Many traditional “safe assets” such as government bonds similarly either yield nothing or will gradually lose their value thanks to inflation and negative interest rates.
As with gold, earning a return on US Treasuries relies on speculating that prices of the bonds can continue to increase. With interest rates already at virtually zero in the US and little indication that the Fed intends to drop them into negative territory, that does not strike many as a good bet. In that situation, some investors see gold, which is less vulnerable to inflation, as more attractive. The current rise in gold is also an indication of fear: what gold primarily offers investors is an alternative to the dollar.

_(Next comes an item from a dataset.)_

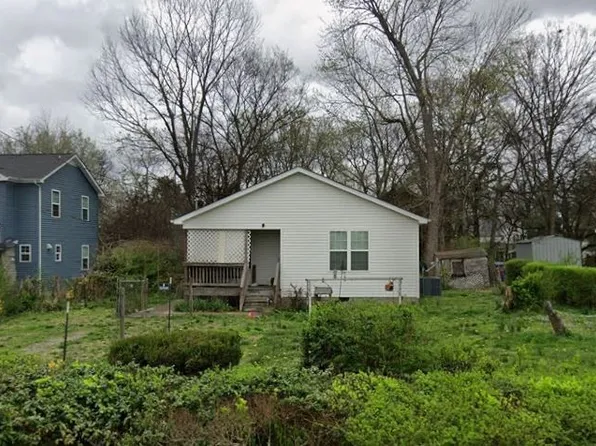 721 Oak St, Manchester, TN 37355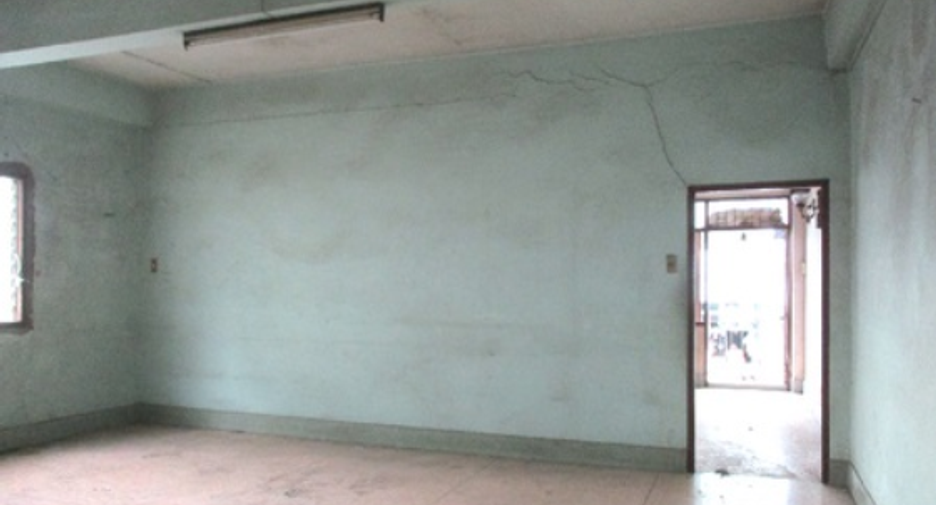 For sale 1 bed retail Space in Huai Khwang, Bangkok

Adjusting for changes in overall prices, the metal has been more expensive only twice before: during 2011, when a congressional standoff over the US debt ceiling and the potential for the eurozone to break up drove demand; and in the early 1980s, when a new Islamic revolutionary regime in Iran contributed to concerns that the, partly oil-driven, inflation of the 1970s would erode the value of the greenback. Its rise today once again reflects worries over the safety of investing in the world’s largest economy.
The dollar has likewise lost value this week against the euro, the British pound, and the Japanese yen.
Not only are geopolitical tensions with China rising — gold’s value also rose this year during a stand-off between the US and Iran — but the US government continues to mishandle the pandemic. A congressional stalemate over a second stimulus package has also prompted investors to look for alternatives to the international reserve currency. The dollar’s premier status owes as much to the fact there are few good alternatives to the currency as to the greenback’s own advantages. The euro, the only currency with similar standing, lacks the liquidity and depth of the greenback — though the launch of mutual bonds to pay for the bloc’s post-coronavirus recovery fund may help to change that. For some, gold is also a means to bet against fiat currencies and unrestrained money printing in general.
This is the backdrop against which the Federal Reserve, currently in an interest rate meeting that will end on Wednesday, will announce its latest decision. The members of its rate-setting committee should ignore the decline in the dollar which, if anything, provides relief to US exporters and a bit of extra monetary stimulus. There is little, however, they can do to help the American economy at the moment: market trading is orderly and, until the virus is contained, even cheaper money — whether through negative interest rates or yield curve control — will do little to boost growth.
Gold’s rise may be overdone.
History suggests that it rarely maintains these sorts of levels and the wave of fear over the future of the US and the world economy that propels it eventually breaks. For the moment, those fears are grounded, but gold’s disadvantages may soon become clear again.